Ask Experts Questions for FREE Help !
Ask
    Rhia1978's Avatar
    Rhia1978 Posts: 54, Reputation: 1
    Junior Member
     
    #1

    Aug 21, 2011, 11:01 PM
    What does this silent treatment mean - is he blowing me off?
    I’ve been dating this guy for over a month now. I fell for him on our first date – he’s told me he likes me too. We’ve met each others friends. I had a home party Sat evening & he was invited. When I was confirming with him on Friday he asked what my plans were for the Friday evening. I told him I was out with the girls. I asked him what he’s up to – I didn’t really want him over on that day since I had had a very hectic week – just wanted my me-time. Since he’s been going through some tough times I invited him over for dinner. He agreed.

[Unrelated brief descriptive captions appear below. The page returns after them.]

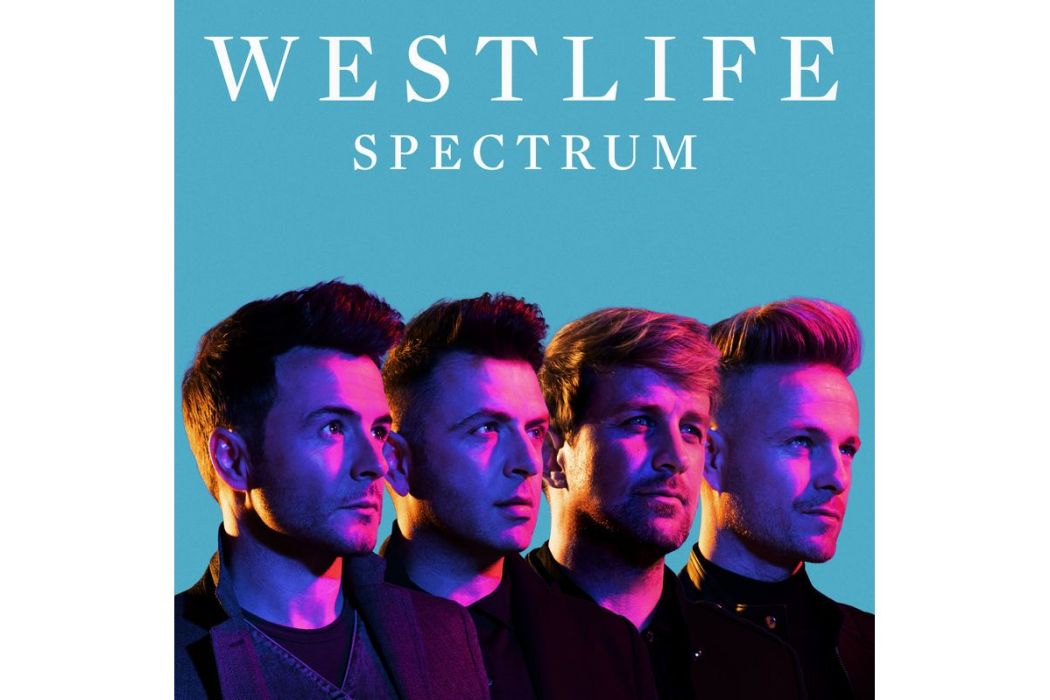Spectrum(2019年西城男孩發行的專輯) Spectrum(2019年西城男孩發行的專輯)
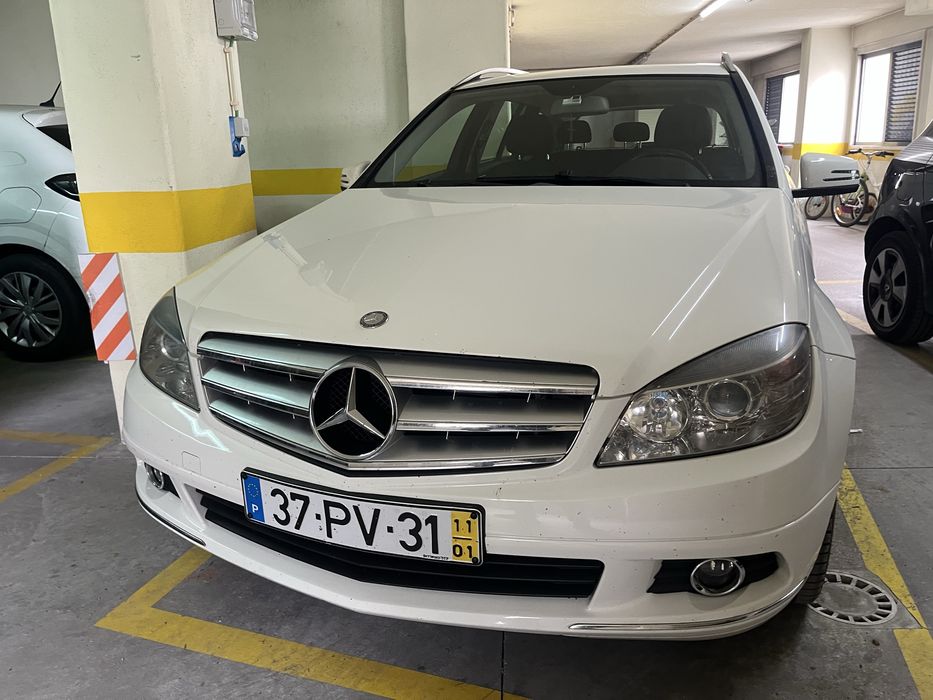 Mercedes c200 CDI 2011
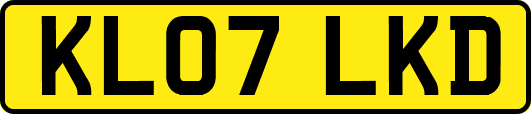 KL07LKD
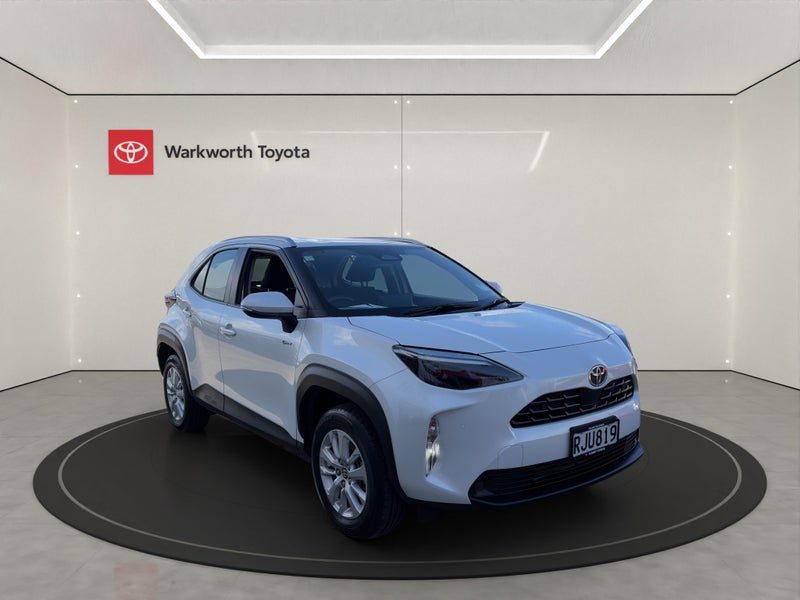 2025 Toyota Yaris Cross GX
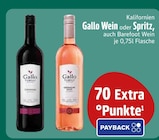 Gallo Wein oder Spritz im EDEKA Prospekt Gallo Wein oder Spritz im aktuellen EDEKA Prospekt für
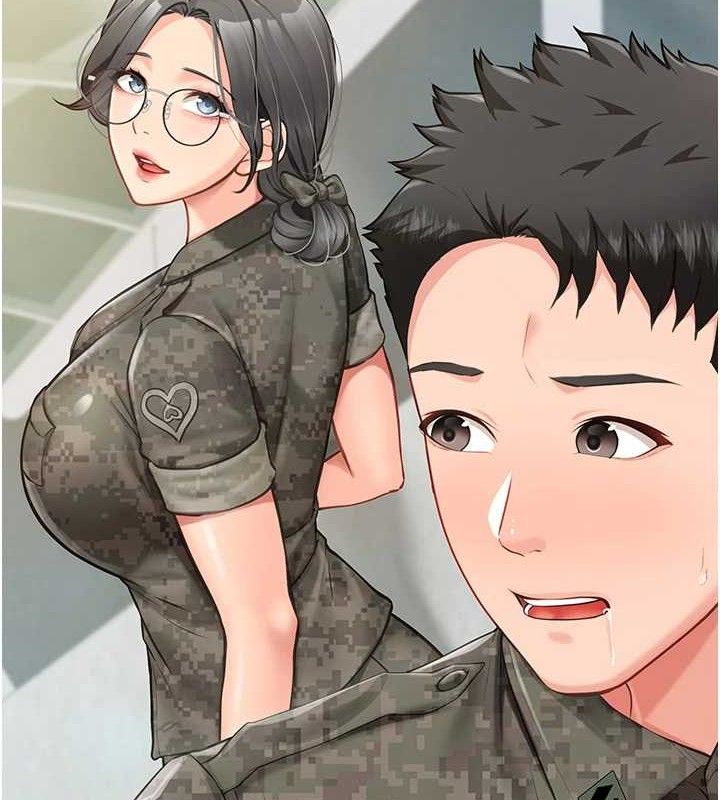 报告女班长:一根突起第7話-孤男寡女被鎖在倉庫…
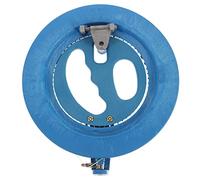 Beaupretty Kite Winder Outdoor Abs Plastic Hand Wheel with Line Comfortable Grip for Adults High Performance Winding Tool for Effortless Kite Flying Random Color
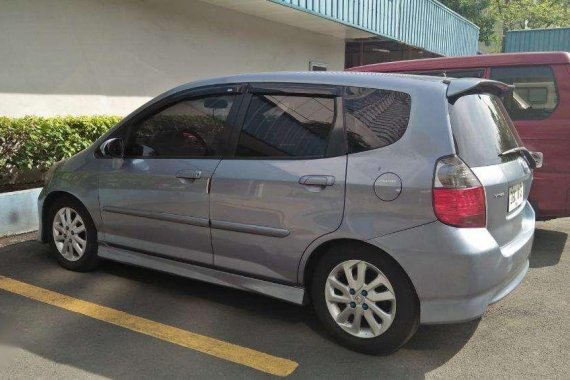 Honda Jazz 2007 FOR SALE
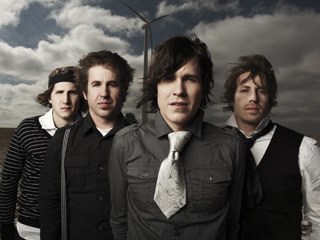 Remedy Drive, Fireflight and Abandon for The Hope Tour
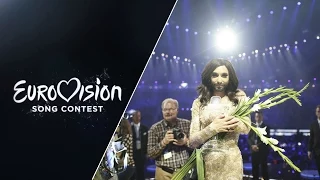 Conchita Wurst: "Everything changed for the better" (2014 Eurovision Song Contest winner)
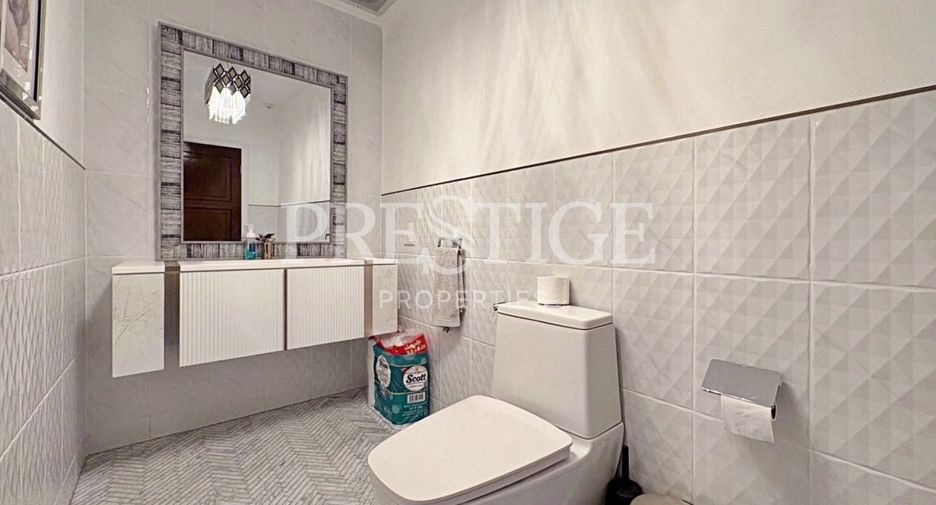 À vendre 7 chambres maison à Bang Lamung, Chonburi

So I rush home & get all dolled up, put the garlic bread in the oven – nothing. After waiting for an hour I text him….again a bit later I send another text. A bit later I call him & leave a voice message – it was a sweet message – cheeky but nothing bad. He’s normally good at texting back. He rings me back & by then I had downed a bottle of wine out of frustration. He apologizes & tells me he’s in a far away suburb & had ‘lost track of time’ – I was livid! I told him I couldn’t believe I left the girls early only to be stood up. He has never done this before & in fact arrives before time for dates. I tell him to come over but he says he has no transport. So he tells me he’ll see me on Saturday. Infuriated I hung up. I texted him a bit later & asked him how he could make arrangements with me & not show up. Anyway we exchanged a spate of texts where I even said ‘enjoy with your girlfriend’ & he told me he’s with his male friend, who I’ve met, & there wasn’t anything ‘sinister’ to his no show. I was so furious that I gave him an ultimatum (and I know that’s not done but I was terribly upset my Friday was going down the gurgler) – ‘you either turn up or no need to bother with tomorrow’. He texted back to tell me he didn’t appreciate it & that it’s up to me if I wanted him over for the party. I texted him later & said I knew where I stood & it’s up to him to attend – no red carpet for him since he’s like any other friend. Yes I was being nasty because I was hurting.

    Maybe I have over-reacted but I was really upset. I’ve never been stood up before so this hurts. Also the unpleasant tiff has left a bad taste in my mouth. How I spent the night only I know. Am going overseas in less than 3 weeks so I want to spend as much time as I can with him – Friday would have been perfect…leading into Saturday.

    On Saturday I texted and apologized to him explaining I was tipsy and upset since I had changed my plans for him. I asked him if he was turning up for the party. No answer. Once my friends turned up I gave him a buzz and left a voice message in an excited voice telling him we were expecting him. Nothing. It’s Monday now and he still hasn’t contacted me. I don’t know what to make of this since earlier in the week when I had taken about 9 hours to answer his text he had texted ‘are you not talking to me anymore?’ to me. And all through the week he’d been sending me nice texts and calling me ‘princess’ and really building up to the weekend.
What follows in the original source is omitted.